That being said, Photoshop can be equally good as, and in some cases better than, InDesign for accomplishing certain tasks that can help you to achieve your desired printed result. It certainly shouldn’t be overlooked!
These Photoshop ‘pros’ and ‘cons’ are based on the experience I’ve had in producing designs for print. Are you a similarly indecisive InDesign/Photoshop print designer? Share your own pros and cons for using the software in the comments below!
1. Layers Are Much Better in Photoshop
You get a Detailed Layers Panel in Photoshop
Devoted Photoshop users are much better-trained at using Layers to their full potential than committed InDesign users. And that’s no surprise considering that Photoshop’s Layers panel is designed to play a more integral role in your workflow than the Layers panel in InDesign.
The main advantage of Photoshop here is the ability to view effects as you apply them, and view them again instantly and easily if you come back to your work at a later time. You can also easily build up the depth and complexity of Layers using Blending Modes and Adjustment Masks.

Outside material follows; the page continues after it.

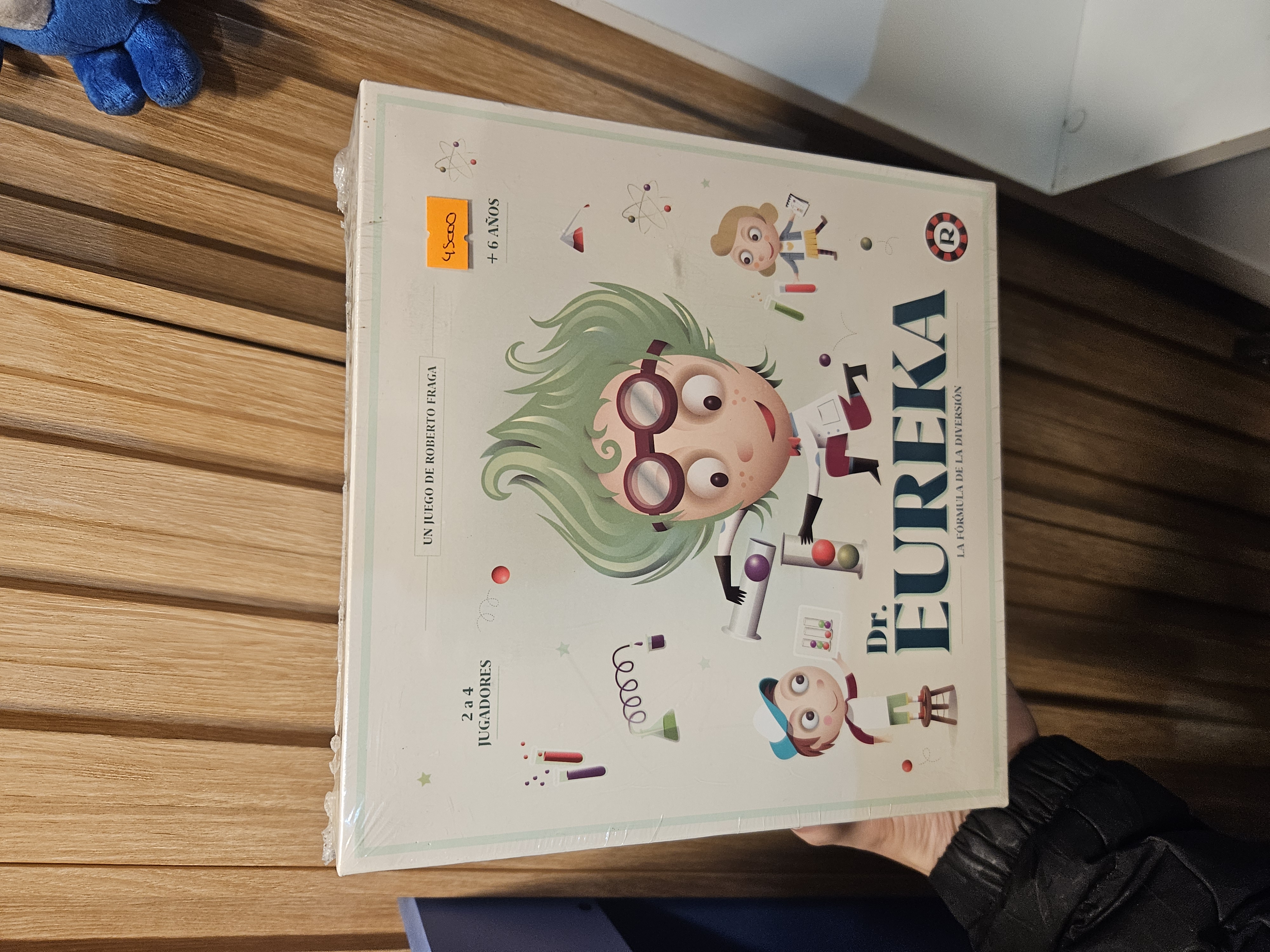 Dr. Eureka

By contrast, InDesign Layers are much simpler, and can't be built upon in the same way. Due to the basic nature of the Layers panel, InDesign files can be a bit of a guessing game - which Layer/Object/Stroke did I apply that Gradient Feather to? Why, oh why, when I Ungroup those Text Frames/Image Frames does InDesign discard my carefully adjusted Opacity or Drop Shadow settings? Particularly if you forward InDesign files for editing to another individual, e.g. a copywriter, locating the Layer that’s relevant to that person is not always an obvious or simple process if they are not already familiar with the file.

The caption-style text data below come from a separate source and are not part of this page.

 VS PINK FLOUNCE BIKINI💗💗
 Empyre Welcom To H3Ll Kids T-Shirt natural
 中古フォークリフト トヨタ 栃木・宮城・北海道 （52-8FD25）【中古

In Photoshop, applying effects to your print document is an easily editable and reversible process, with the help of a detailed Layers Panel.
You’ll also notice in the InDesign Layers panel an absence of a preview image which indicates to you the content of that Layer, which is a really useful feature of the Photoshop Layers Panel.
So, in what case(s) would I use Photoshop instead of InDesign?
If you want to create a multi-layered one-page document, perhaps an effects-heavy photographic poster or flyer, it’s much easier to view your Layers and track your edits in Photoshop.
2. Photoshop Prefers You Work in RGB
PS can have a Tricky Transition from an RGB to CMYK Workflow
Photoshop’s auto Color Mode when you create a New Document is RGB. This is because most photos sourced from a digital camera will be rendered in RGB color and assigned an RGB ICC Profile (e.g. sRGB or Adobe RGB; go to Edit > Assign Profile to view). Of course, this is no good for print design, as we want to be able to work in CMYK.
This is really a minor ‘con’ as Photoshop is of course perfectly capable of working in CMYK mode (go to Image > Mode, and select CMYK Color from the drop-down menu). The niggle is that you have to remember to change the Mode, and even when you remember to do this, the various color edits you’ve ever so carefully put together in your Photoshop file may end up appearing a little different once you’ve converted to CMYK. The careful filters and effects you have applied to your RGB image may be messed up, or discarded. This can be really frustrating when your previously bright and edited image suddenly looks, well, a little dull, and just before it’s about to be sent to print!
InDesign is frank from the beginning - when you create a New Document you’re asked outright for the Intent of your design (is it for Print? Web?), which makes it a simpler software choice for new print designers. You don’t have to worry as much about the color output or doing any permanent image edits while you’re putting your design together, particularly as images are Linked, and not Embedded.
Also useful to note that resizing images in Photoshop can cause permanent distortion (particularly if you've not converted it to a Smart Object), whereas InDesign allows you to resize and resize to your heart's content without worrying about making any permanent changes to the properties of the image itself.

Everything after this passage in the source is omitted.